While that could be seen as a gimmick, it's actually a practical innovation that solves a problem for customers. Samsung also said that the S6 phone will offer fast wired charging, "1.5 times faster than the Galaxy S5, providing about 4 hours of usage after only 10 minutes of charging."
"It's built right in," Shin said. "No more fumbling for power cords in the dark. That's design with a purpose. That's the future."
An answer to Apple Pay?
The S6 and S6 Edge will come pre-installed with Samsung Pay, the company's answer to Apple's (NASDAQ:AAPL) Apple Pay system. The technology uses both Near Field Communication and Magnetic Secure Transmission technology "to make it device, merchant and card issuer agnostic," according to the company.
"Samsung Pay will push the boundaries of mobile payment by dramatically increasing convenience and coverage for both merchants and consumers," Shin said.
Essentially, the difference between Samsung's system and Apple is that Samsung Pay works with the point of sale equipment already in place in most stores, while Apple Pay requires a dedicated reader.
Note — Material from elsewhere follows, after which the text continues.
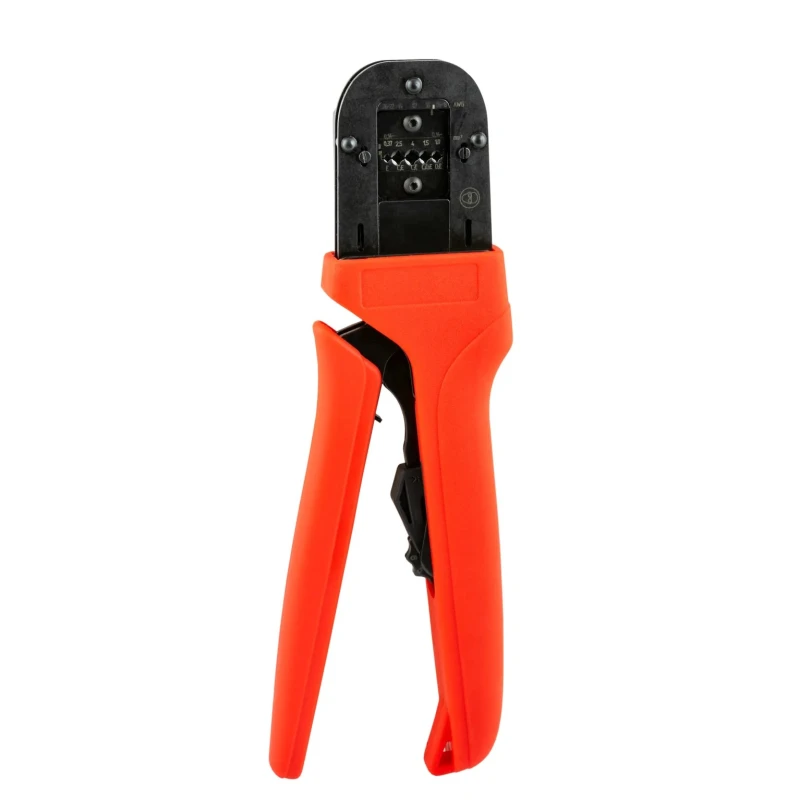 RS PRO 0.14 to 4 mm² High-Precision Ratchet Crimp Tool for Type C, Y, E, D Connectors 208-0638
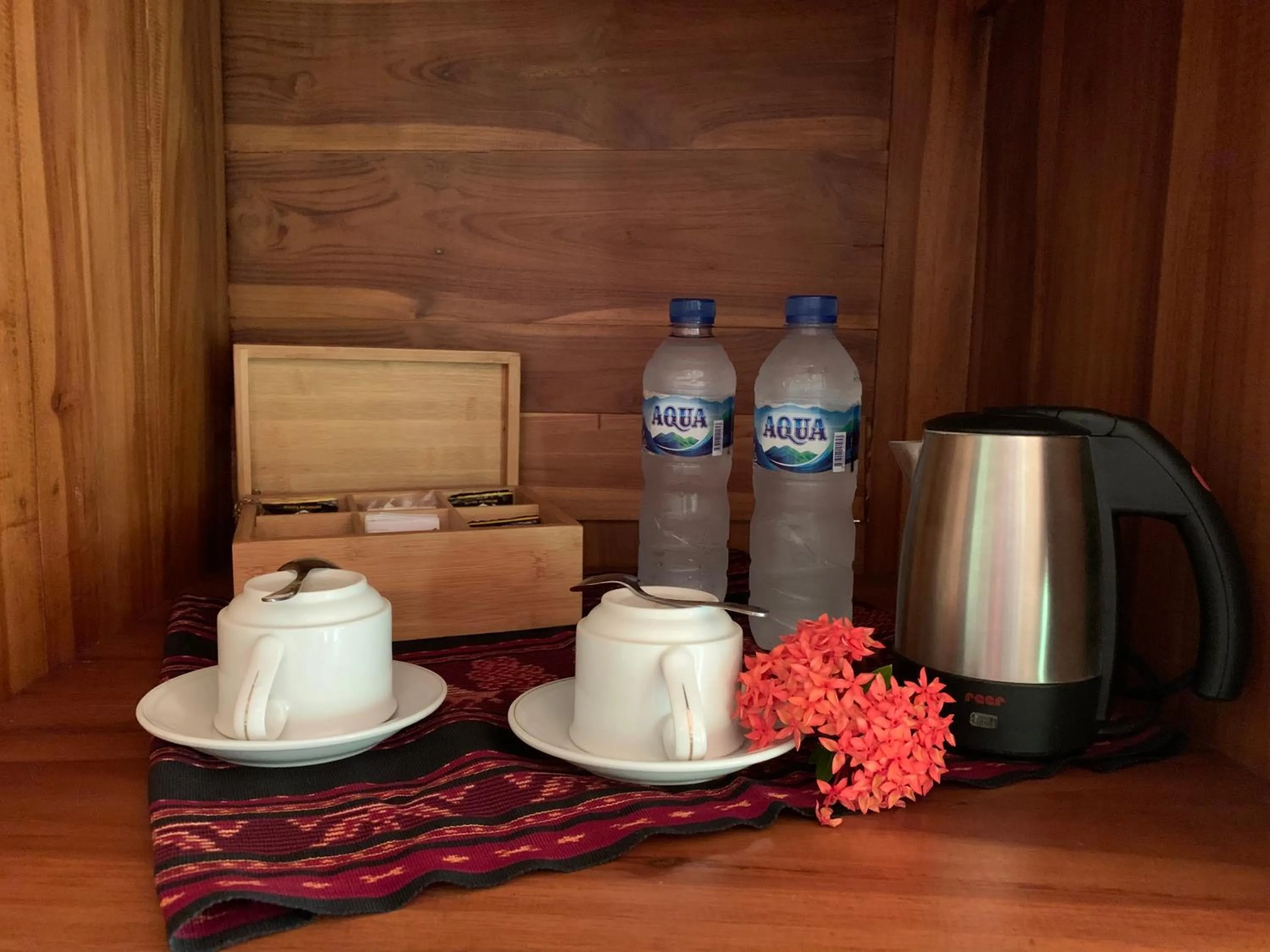 Coffee/tea facilities in Budi Sun Resort, Flores, Maumere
They will have Microsoft apps pre-installed
While this may be bigger news for Microsoft (NASDAQ:MSFT) and, in a way, Google (NASDAQ:GOOG) (NASDAQ:GOOGL), than it is for Samsung, the S6 phones will come with Microsoft's Skype, OneDrive, and OneNote apps pre-installed in a special "Microsoft Apps" folder that is pinned on the home screen, The Verge reported.
The deal is not exclusive, as numerous Google apps are also installed, but having space on the home screen does remind users that Microsoft makes apps for Android. This is not quite as big for Microsoft as if its Office apps had been pre-installed, as had been rumored before the official unveil, but those were not installed on the phones shown in Barcelona.
However, this is a key move for Microsoft that shows the company's increasing willingness to think outside of its own ecosystem in order to grow use of its flagship software.
Apple is the target
There were thinly veiled jabs at Apple throughout the presentation, and Young-Hee Lee, the mobile division's marketing head, took another when she talked about the phones' use of Corning's Gorilla Glass 4 and "the special metal" used to make the phones. She claimed that the metal was "50% stronger" than the metal used in other high-end smartphones.
"My first language may not be engineering," she said, "but I do know that stuff will not bend."